A lettings expert has urged others to back a potential national housing committee as a way to devise long-term strategy for the property sector.
David Powell, CEO of Andrews Property Group, believes that rather than having oversight by central government, there should be a new, independent body representing social housing providers, developers, agents, conveyancers, mortgage lenders, removals and relocation services, housing charities and tenant groups – and landlords.
Powell says this could set long‑term building targets insulated from political turbulence, standardise planning frameworks, ensure consistent regulation for landlords, tenants, and developers, and provide stability for investors and lenders.
Members could be appointed through nominations from each major housing stakeholder group, with equal voting weight and fixed-term appointments, he tells LandlordZONE: “Disagreements are inevitable, but they become productive rather than destructive when the structure forces collaboration.”
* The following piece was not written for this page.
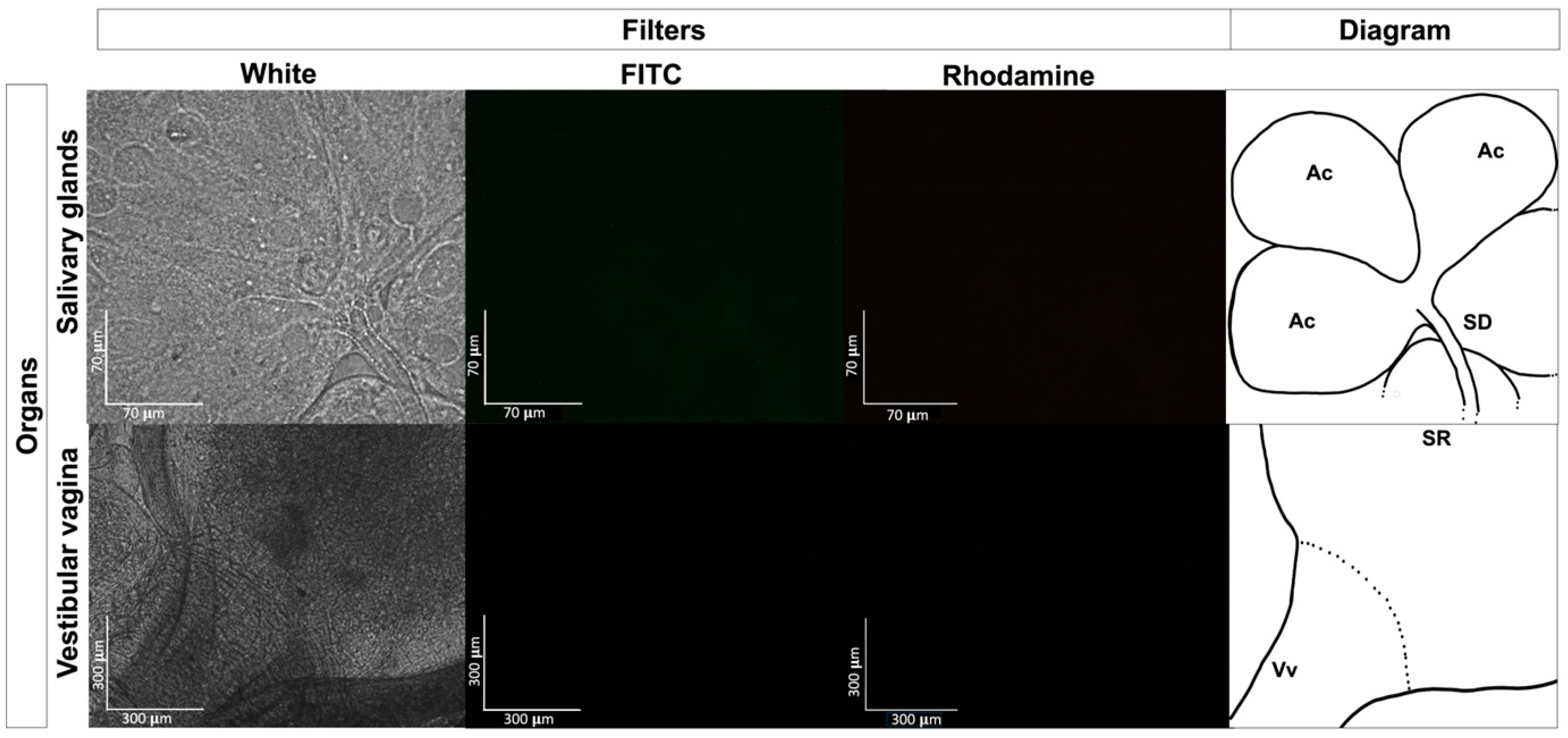 Pathogens 13 01025 g003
He cites the example of the Bank of England’s Monetary Policy Committee, with diverse expertise, transparent process, and a mandate that outlives political cycles.
Powell says the housing crisis is the product of structural failure, political short‑termism, and fragmented decision‑making. “The challenge is that housing policy is often driven by short-term political incentives, not long-term structural thinking,” he adds. “Without cross-industry alignment, it’s difficult for any government to take bold decisions that might not pay off within a single parliamentary term.”
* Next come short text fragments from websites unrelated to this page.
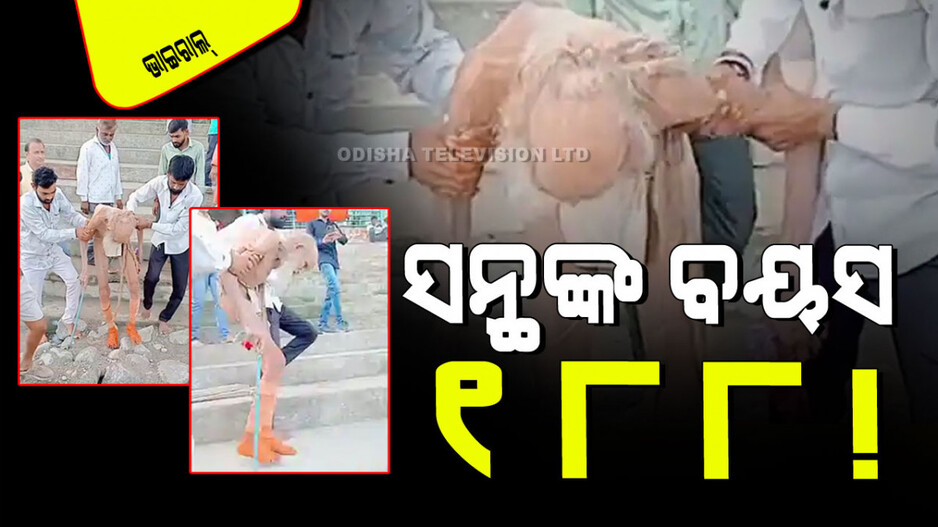 Viral Video: ଗୁମ୍ଫାରୁ ମିଳିଲେ ଜଣେ ବୃଦ୍ଧ ସନ୍ଥ; କୁହାଯାଉଛି ବୟସ ୧୮୮ ବର୍ଷ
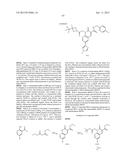 CYTOMEGALOVIRUS INHIBITOR COMPOUNDS diagram and image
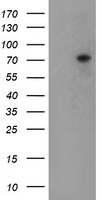 TIGD1 Antibody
Andrews Property Group also tried to galvanise the sector last year, by launching a petition calling for flexible stamp duty payment options, allowing home buyers to spread stamp duty costs over two to five years rather than finding the full amount within 14 days of completion, to address affordability pressures and unlock buyer demand.
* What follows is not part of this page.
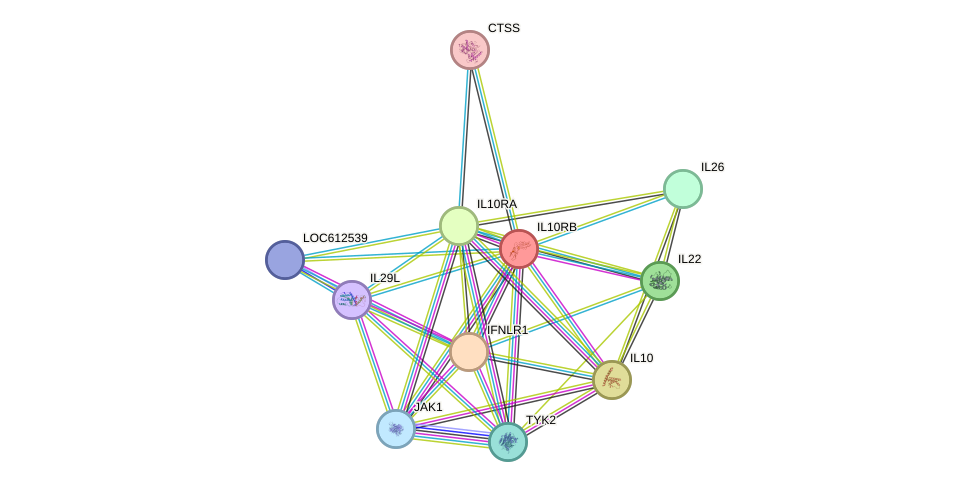 STRING protein interaction network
Its petition gained strong sector support and helped push the conversation into the mainstream. “Unfortunately, political signalling from both major parties overtook the proposal before it could complete its intention,” says Powell. “Even so, the petition demonstrated that the industry is willing to engage constructively - and that momentum matters.”
He believes many professionals across the housing ecosystem share similar frustrations. “The real issue isn’t a lack of ideas - it’s the absence of a formal mechanism for those ideas to be synthesised and acted upon.”